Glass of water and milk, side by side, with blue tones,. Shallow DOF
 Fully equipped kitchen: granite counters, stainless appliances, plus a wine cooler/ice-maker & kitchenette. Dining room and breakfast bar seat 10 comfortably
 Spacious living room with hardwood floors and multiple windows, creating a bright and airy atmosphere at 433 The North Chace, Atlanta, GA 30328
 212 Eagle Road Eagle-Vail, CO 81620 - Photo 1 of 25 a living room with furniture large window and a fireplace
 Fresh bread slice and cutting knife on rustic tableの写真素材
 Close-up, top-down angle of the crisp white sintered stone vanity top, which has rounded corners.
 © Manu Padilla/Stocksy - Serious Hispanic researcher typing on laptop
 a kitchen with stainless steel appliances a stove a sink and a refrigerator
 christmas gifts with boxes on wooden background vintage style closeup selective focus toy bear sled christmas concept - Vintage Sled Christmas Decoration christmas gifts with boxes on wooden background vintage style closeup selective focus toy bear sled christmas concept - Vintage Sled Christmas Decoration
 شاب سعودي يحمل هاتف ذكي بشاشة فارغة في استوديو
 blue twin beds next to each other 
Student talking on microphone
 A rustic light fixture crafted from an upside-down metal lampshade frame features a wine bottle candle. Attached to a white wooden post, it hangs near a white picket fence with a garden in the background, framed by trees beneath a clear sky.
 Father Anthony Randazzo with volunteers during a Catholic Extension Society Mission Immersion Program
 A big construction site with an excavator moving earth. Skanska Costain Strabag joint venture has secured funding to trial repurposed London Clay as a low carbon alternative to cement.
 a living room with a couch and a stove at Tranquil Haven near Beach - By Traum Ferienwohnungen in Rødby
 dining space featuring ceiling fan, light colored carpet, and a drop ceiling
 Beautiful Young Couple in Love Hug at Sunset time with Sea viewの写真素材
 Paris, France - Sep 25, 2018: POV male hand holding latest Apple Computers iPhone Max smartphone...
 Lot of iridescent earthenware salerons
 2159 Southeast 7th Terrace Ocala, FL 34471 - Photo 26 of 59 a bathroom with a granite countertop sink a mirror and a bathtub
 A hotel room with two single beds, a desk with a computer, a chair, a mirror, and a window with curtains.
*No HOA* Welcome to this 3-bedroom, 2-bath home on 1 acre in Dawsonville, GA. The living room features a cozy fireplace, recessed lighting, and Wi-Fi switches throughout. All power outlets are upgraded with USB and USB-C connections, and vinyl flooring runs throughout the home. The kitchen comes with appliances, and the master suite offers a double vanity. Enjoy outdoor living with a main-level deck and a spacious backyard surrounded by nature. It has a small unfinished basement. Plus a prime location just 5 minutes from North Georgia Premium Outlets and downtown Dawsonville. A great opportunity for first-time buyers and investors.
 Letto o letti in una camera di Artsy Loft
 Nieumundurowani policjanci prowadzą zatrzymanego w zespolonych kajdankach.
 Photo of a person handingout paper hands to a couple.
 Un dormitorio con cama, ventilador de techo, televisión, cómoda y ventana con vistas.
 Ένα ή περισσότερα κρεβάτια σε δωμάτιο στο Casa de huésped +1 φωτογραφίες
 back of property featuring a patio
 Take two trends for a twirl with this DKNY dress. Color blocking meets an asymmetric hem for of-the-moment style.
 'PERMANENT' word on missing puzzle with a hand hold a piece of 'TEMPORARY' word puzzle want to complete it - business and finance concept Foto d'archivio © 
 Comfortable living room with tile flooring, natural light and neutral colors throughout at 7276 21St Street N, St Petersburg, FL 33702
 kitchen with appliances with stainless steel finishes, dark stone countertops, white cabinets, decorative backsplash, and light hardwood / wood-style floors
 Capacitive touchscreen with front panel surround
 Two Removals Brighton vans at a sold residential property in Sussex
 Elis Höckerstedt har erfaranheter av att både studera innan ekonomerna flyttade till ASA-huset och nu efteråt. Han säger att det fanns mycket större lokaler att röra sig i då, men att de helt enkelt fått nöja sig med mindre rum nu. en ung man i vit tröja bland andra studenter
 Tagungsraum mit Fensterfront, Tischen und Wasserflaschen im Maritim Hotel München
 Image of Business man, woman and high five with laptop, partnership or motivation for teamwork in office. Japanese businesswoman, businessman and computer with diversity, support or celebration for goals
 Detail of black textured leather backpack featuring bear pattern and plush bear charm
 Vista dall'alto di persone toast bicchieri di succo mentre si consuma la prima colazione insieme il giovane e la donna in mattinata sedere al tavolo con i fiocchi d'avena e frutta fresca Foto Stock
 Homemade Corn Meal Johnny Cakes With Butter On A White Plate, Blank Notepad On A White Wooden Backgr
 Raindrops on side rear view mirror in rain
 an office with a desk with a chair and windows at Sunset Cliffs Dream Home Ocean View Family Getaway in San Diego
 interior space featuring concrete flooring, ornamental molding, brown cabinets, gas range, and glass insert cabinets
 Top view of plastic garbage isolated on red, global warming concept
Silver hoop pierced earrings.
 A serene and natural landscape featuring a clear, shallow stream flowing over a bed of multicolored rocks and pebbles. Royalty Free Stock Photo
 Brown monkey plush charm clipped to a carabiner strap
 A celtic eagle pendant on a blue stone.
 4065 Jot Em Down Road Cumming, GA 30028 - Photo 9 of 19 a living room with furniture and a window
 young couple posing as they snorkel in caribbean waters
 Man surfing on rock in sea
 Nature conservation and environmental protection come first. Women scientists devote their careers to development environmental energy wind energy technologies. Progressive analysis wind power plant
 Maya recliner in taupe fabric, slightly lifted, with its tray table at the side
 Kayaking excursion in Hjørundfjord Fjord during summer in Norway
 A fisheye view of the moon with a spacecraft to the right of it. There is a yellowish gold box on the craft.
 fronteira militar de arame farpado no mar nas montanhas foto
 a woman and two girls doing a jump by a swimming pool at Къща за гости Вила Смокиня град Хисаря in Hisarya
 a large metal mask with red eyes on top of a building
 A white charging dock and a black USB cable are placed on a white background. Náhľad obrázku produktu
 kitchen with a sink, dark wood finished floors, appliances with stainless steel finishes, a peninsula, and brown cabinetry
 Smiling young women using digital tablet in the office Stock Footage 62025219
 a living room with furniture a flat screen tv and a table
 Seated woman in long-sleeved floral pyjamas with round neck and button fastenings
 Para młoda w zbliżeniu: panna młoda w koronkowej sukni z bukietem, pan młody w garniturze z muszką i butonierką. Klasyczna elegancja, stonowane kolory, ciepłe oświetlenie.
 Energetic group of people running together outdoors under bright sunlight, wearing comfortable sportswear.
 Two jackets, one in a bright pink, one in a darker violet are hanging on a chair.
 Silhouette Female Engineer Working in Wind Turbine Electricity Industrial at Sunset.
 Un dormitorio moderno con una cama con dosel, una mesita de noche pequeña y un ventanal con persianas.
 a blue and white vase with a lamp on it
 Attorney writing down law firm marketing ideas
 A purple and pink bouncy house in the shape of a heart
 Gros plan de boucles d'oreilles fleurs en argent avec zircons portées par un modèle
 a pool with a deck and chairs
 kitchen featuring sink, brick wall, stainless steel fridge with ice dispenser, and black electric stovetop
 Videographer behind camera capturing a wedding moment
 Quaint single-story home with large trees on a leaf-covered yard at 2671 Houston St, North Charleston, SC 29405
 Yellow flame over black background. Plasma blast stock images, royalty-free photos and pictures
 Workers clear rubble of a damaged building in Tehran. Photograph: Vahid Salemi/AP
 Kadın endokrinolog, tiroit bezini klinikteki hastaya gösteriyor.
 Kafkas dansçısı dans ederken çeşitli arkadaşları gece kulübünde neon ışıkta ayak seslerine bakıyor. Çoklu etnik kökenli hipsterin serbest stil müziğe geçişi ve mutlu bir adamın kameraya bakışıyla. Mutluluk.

┄┄┄┄┄┄┄┄┄┄┄┄┄┄┄┄┄┄┄┄

__Try it__:
Your reply is to repeat, unchanged, the lines above running from the one with "Smiling young women" up to and including the one with "Attorney writing down".

__Solution for this problem__:
 Smiling young women using digital tablet in the office Stock Footage 62025219
 a living room with furniture a flat screen tv and a table
 Seated woman in long-sleeved floral pyjamas with round neck and button fastenings
 Para młoda w zbliżeniu: panna młoda w koronkowej sukni z bukietem, pan młody w garniturze z muszką i butonierką. Klasyczna elegancja, stonowane kolory, ciepłe oświetlenie.
 Energetic group of people running together outdoors under bright sunlight, wearing comfortable sportswear.
 Two jackets, one in a bright pink, one in a darker violet are hanging on a chair.
 Silhouette Female Engineer Working in Wind Turbine Electricity Industrial at Sunset.
 Un dormitorio moderno con una cama con dosel, una mesita de noche pequeña y un ventanal con persianas.
 a blue and white vase with a lamp on it
 Attorney writing down law firm marketing ideas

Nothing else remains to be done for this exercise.